学生に薦める本 2006年版

樋口 光明

『蝶の舌』

マヌエル・リバス 角川書店 2001年
 皆さんはスペインの内戦を知っていますか。この本は、ガルシア地方の小さな町の、グレゴリオ先生と、スズメ少年一家の温かい交流の話です。ただ、あの日までは。
 少年は先生から、ゼンマイのようになっている「蝶の舌」のことや、巣を植物の絵具で飾る鳥「ティロノリンコ」のことなど興味を惹く多くのことを学びます。
 あの日、フランコに率いられた軍隊の蜂起があり、共和派である先生は捕まり連行されます。町の人たちは昨日まであんなに親しかったのに、自分を守るため全員で連行される共和派に罵声を浴びせます。「裏切り者」「犯罪者」「アカ」。
 母親も少年に「あなたも何か言いなさい」といいます。

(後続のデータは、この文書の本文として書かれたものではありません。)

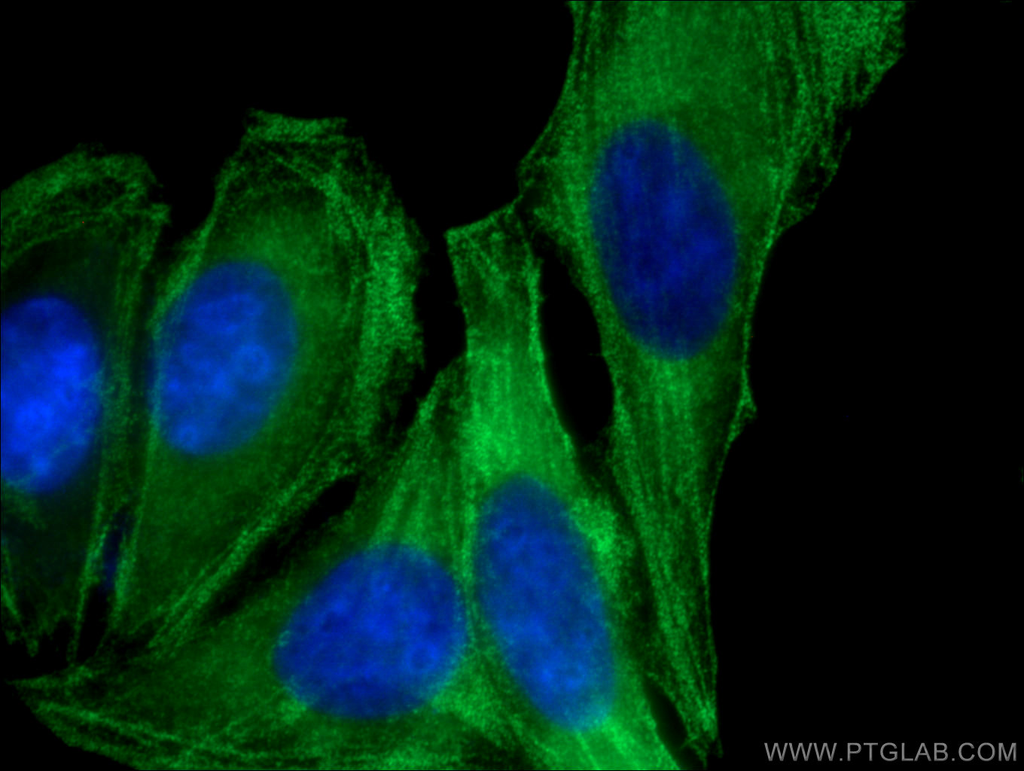 MYH9 Monoclonal antibody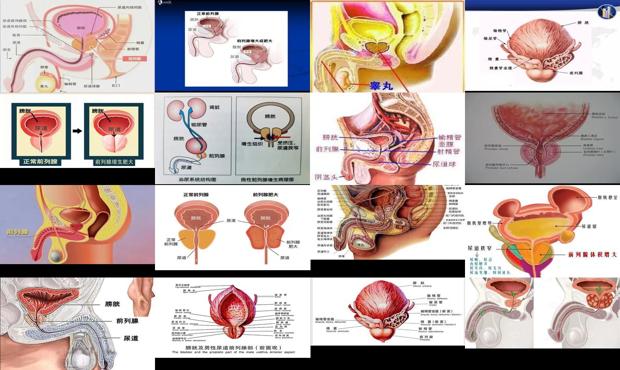 汕頭前列腺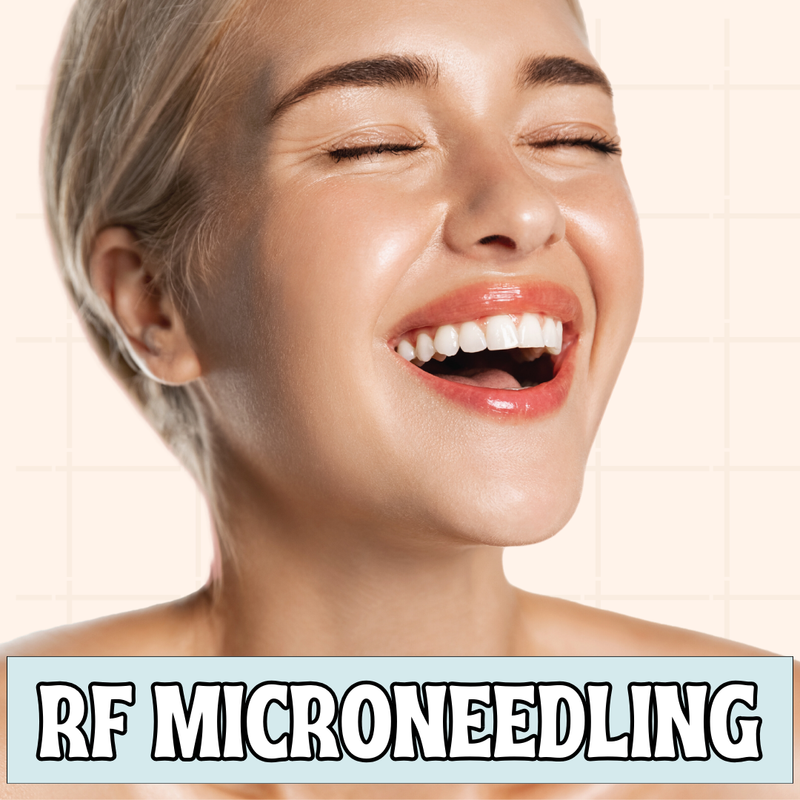 RF Microneedling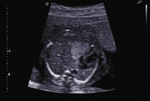 Small 21 opt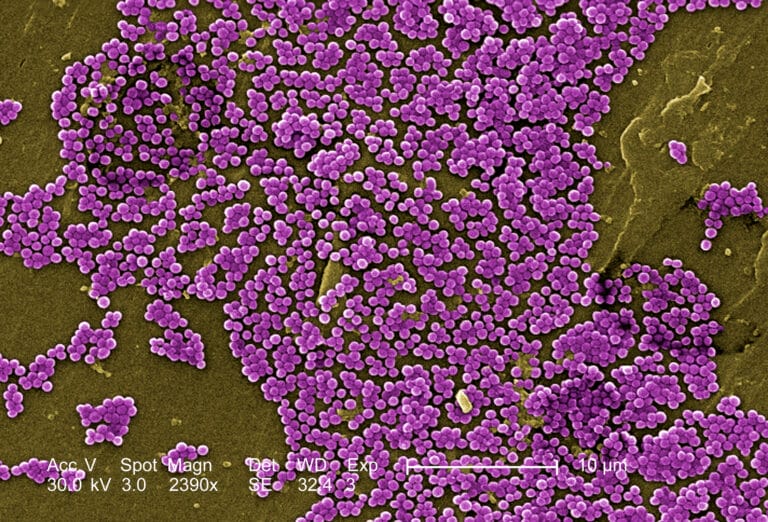 Methicillin resistant Staphylococcus aureus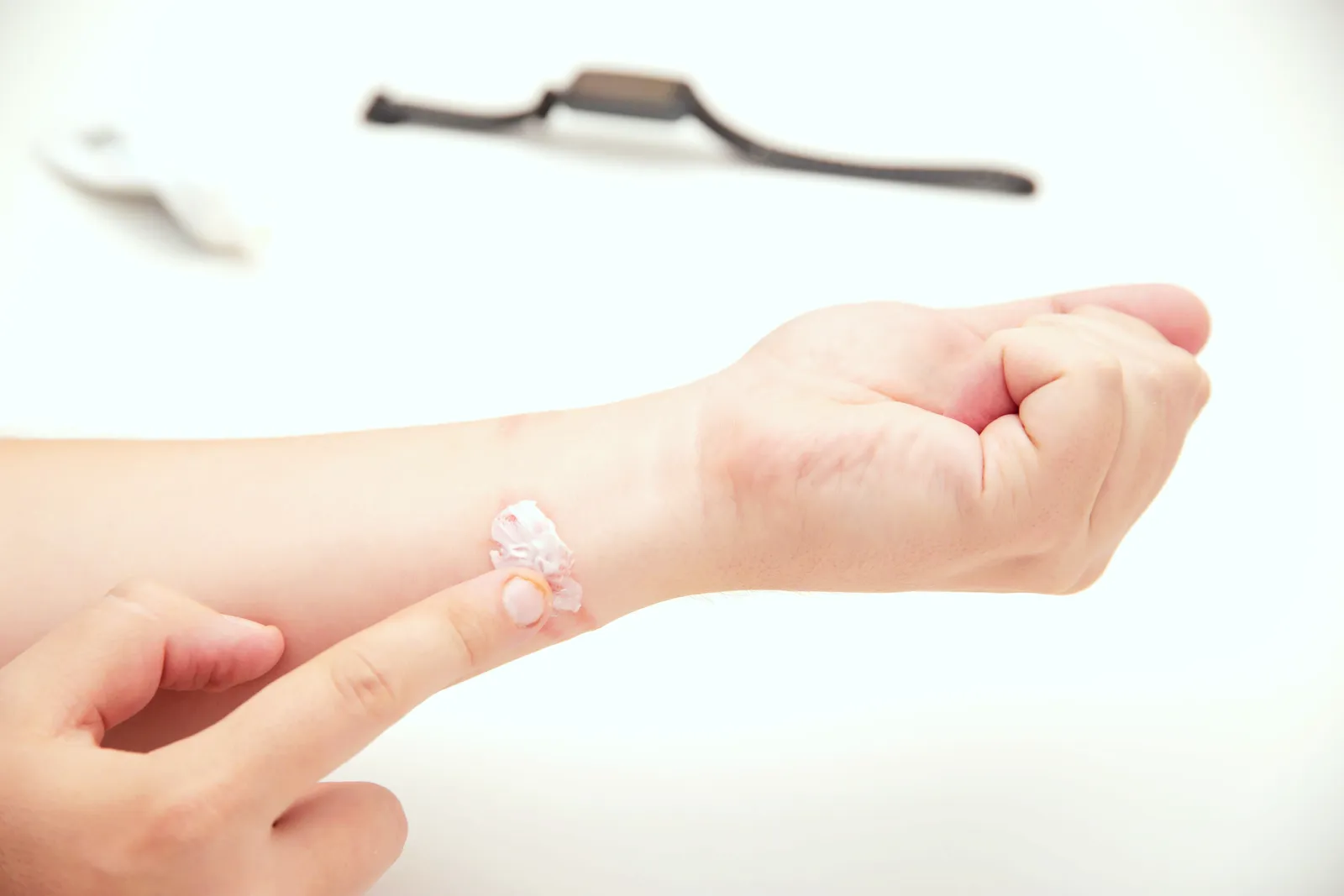 Allergisches Kontaktekzem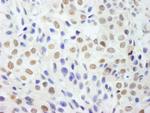DDX54 Antibody in Immunohistochemistry (Paraffin) (IHC (P))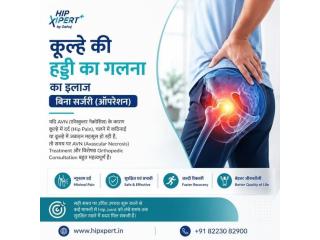 कूल्हे की हड्डी का गलना का इलाज बिना सर्जरी (ऑपरेशन)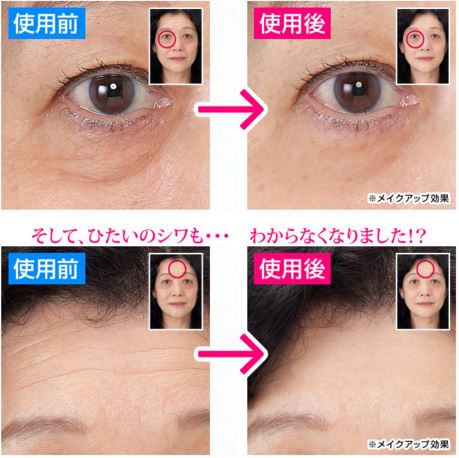 ウィンクルイージーサポートジェルEX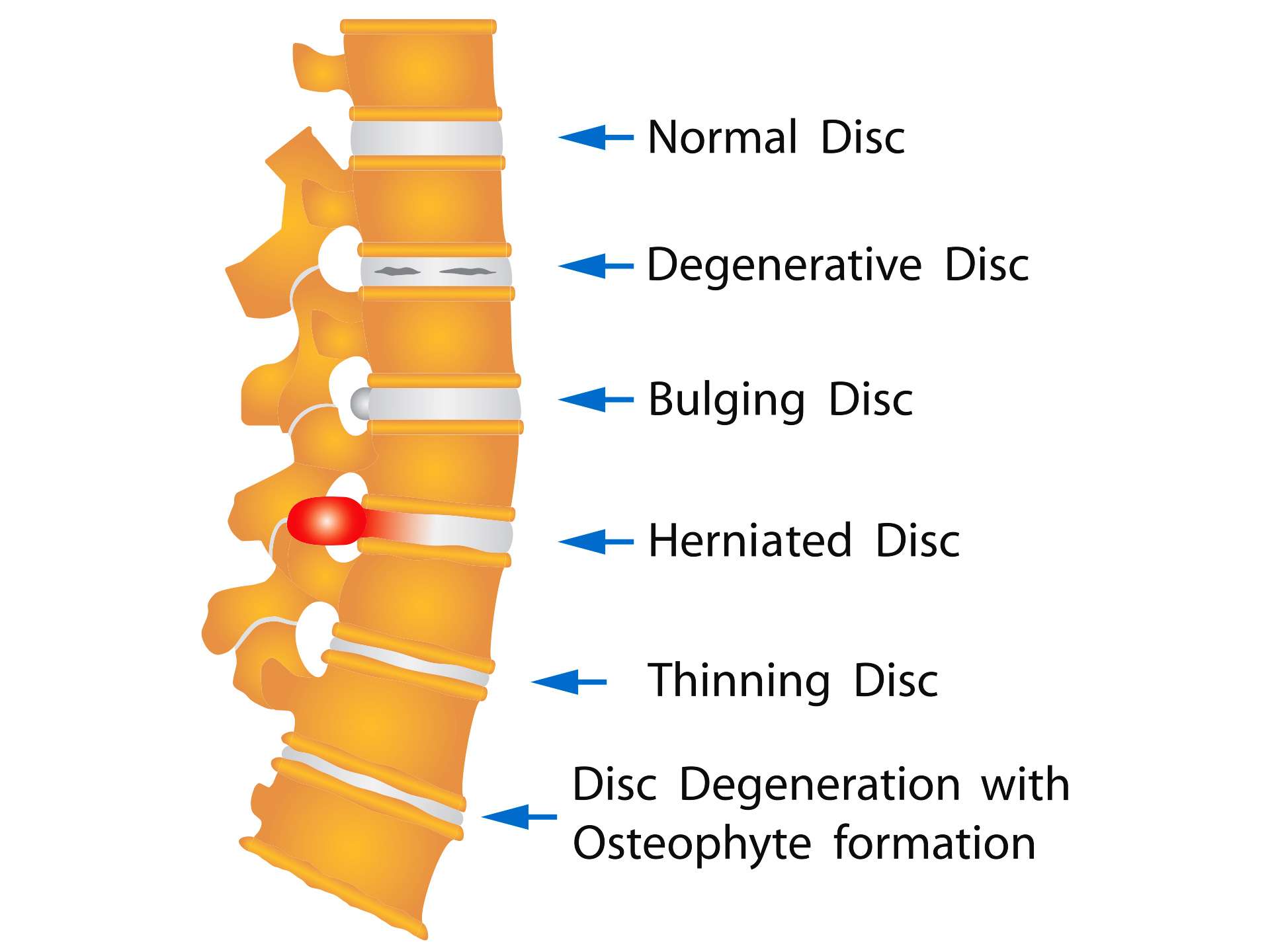 Herniated Disc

そこで少年が叫んだ言葉は……。短編集だから簡単に読めます。
[OPAC]

『容疑者Xの献身』

東野圭吾 文藝春秋 2005年
ミステリー小説の面白さは、起承転結それぞれのインパクトにある。起:「何かを予感させる出会い」 承:「お決まりのごたごた」 転:「思いもかけない展開」 結:「感動的なラスト」。ミステリーだから内容は書かないが、本の帯に書いてあったキャッチコピーには、「これほど深い愛情に、これまで出会ったことがなかった」と書いてある。
[OPAC]

『赤い指』

東野圭吾 講談社 2006年
上記の直木賞受賞作品に続いて書かれたこのミステリーは、99%読み進んでも、意外な展開になりそうにない。しかし主任刑事がいう「大事なのはここから先だ。ある意味、事件より大切なことだ」から始まる最後の20ページは、ミステリーが犯人を捜すだけの小説ではないことを教えてくれる。